I mention size and conglomeration because in politics — and particularly in a well-articulated democracy in Mexico — size and number count. The backers and participants of this particular demonstration, in my tally, have a long way to go even to be considered as potential competitors.

The demonstration was organized by the National Anti-AMLO Front (Frena). whose visible leader is Pedro Luis Martin Bringas, who last week was dropped by the Soriana supermarket chain from its board of directors because his politicking was seen as harmful to a competitive chain.

As for the language the protesters used, suffice it to show the picture reproduced in Pulse News Mexico claiming AMLO is a “genocidal communist” represented for many middle-of-the-road Mexicans an extreme rightwing rage against the president. So the marches were radical in content.

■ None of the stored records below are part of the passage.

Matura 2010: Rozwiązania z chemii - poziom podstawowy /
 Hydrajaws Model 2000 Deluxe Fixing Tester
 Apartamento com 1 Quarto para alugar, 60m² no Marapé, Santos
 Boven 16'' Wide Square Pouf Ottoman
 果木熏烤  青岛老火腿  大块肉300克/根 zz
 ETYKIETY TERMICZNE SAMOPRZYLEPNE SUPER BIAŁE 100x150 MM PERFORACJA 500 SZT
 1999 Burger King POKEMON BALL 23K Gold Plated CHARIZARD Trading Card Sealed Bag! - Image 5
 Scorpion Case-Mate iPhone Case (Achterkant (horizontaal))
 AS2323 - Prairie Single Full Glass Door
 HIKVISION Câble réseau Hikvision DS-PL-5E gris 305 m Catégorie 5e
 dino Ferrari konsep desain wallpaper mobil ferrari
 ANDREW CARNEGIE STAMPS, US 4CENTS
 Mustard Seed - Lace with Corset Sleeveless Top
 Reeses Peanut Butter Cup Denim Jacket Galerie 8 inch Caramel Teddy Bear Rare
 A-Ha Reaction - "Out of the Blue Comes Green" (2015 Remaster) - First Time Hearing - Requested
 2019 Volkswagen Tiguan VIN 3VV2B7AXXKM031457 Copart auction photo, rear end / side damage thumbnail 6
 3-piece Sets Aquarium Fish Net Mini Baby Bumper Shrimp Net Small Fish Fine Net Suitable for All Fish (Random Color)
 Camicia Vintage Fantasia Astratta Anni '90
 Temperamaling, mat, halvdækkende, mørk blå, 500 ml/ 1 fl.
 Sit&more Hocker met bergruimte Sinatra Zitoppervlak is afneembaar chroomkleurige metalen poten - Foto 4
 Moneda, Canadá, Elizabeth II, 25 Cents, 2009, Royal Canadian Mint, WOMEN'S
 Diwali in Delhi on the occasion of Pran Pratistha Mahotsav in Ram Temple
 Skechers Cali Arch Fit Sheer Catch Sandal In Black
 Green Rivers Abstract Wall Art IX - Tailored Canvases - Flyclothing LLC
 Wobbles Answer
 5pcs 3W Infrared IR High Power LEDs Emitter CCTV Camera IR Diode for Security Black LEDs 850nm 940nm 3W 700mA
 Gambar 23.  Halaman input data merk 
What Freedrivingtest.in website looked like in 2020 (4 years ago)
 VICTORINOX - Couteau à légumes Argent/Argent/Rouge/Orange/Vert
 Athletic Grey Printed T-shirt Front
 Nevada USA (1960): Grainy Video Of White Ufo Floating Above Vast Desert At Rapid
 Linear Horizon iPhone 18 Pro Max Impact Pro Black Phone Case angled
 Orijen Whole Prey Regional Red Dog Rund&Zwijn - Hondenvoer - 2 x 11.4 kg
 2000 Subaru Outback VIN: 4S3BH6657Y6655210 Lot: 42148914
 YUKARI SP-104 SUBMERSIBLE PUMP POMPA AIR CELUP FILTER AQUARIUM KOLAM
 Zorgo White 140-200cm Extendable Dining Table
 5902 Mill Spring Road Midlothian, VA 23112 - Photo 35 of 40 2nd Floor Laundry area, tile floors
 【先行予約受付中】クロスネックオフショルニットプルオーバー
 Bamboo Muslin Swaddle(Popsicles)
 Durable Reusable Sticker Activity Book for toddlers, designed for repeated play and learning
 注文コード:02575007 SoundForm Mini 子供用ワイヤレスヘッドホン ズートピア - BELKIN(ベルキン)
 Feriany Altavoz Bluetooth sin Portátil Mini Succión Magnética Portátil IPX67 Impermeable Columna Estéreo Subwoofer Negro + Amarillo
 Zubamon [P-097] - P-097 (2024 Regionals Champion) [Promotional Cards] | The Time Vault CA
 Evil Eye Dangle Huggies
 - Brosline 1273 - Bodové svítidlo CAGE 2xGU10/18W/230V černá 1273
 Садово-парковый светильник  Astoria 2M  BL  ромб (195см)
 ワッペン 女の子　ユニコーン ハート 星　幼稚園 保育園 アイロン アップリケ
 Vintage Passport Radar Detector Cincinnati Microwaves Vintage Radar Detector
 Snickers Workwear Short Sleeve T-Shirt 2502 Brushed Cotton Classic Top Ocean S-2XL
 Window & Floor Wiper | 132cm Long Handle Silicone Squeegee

The demonstration was Pedro Luis Martin Bringas’ (there are many others in the group’s still amorphous leadership) first real incursion into public politics, gathering a relatively scant response, but still, a response. But putting a name on a movement that even now has no apparent leader makes the group’s political competitors come up and launch a frontal attack from AMLO’s supporters who even laughed at the small size of the demonstration, claiming “AMLO did not bow down under truly real pressure.”

On Sunday, May 31, AMLO himself had something to say to the cruising protesters.

“Don’t feed on anxiety,” he said.

“The conservatives will have their chance coming up,” reminding protesters that there will be midterm elections in 2021, where they can compete to renew the Chamber of Deputies, when “the people will decide whether they want a return of conservatism.”

If that doesn’t work, the president said, they still have one more chance of ousting him, personally, from power since there will be a “consultation vote,” asking voters whether he should continue his mandate or not.

AMLO said he will not govern “on imposition.”

“No,” he said.

“I am not an ambitious. vulgar politician. I personally established the rules. If the people say, have the president resign, then it’s goodbye. But if they say, let the president continue, I will remain in power until 2024. because I am a democrat. I am not a supporter of reelection, but of effective suffrage of the people and the no-reelection clause in the Mexican Constitution. I cannot rule if I don’t have the support of the people.”

What’s interesting about this Frena movement is to see if its members have the support they claim to have and if they will follow the constitutional democratic path. They may even grow into a political party, under another name, of course.

The movement faces two problems, however:

One, if its continues to do cruising demonstration it is creating an upper-class-only image because most ordinary Mexicans, all with a voter registration card, do not own a car to join them.

Two, the Frena members’ time and efforts will be seen as a minority political revolt with high aims of ousting AMLO by next December, a bubble that will surely burst because democratic Mexicans, even if now repent of having voted for AMLO, as Frena’s leaders claim, know he, like others in the past, was voted in for a full six-year term.

In short, to the “anxiety feeders.” the message is short and clear: Hold your political horses!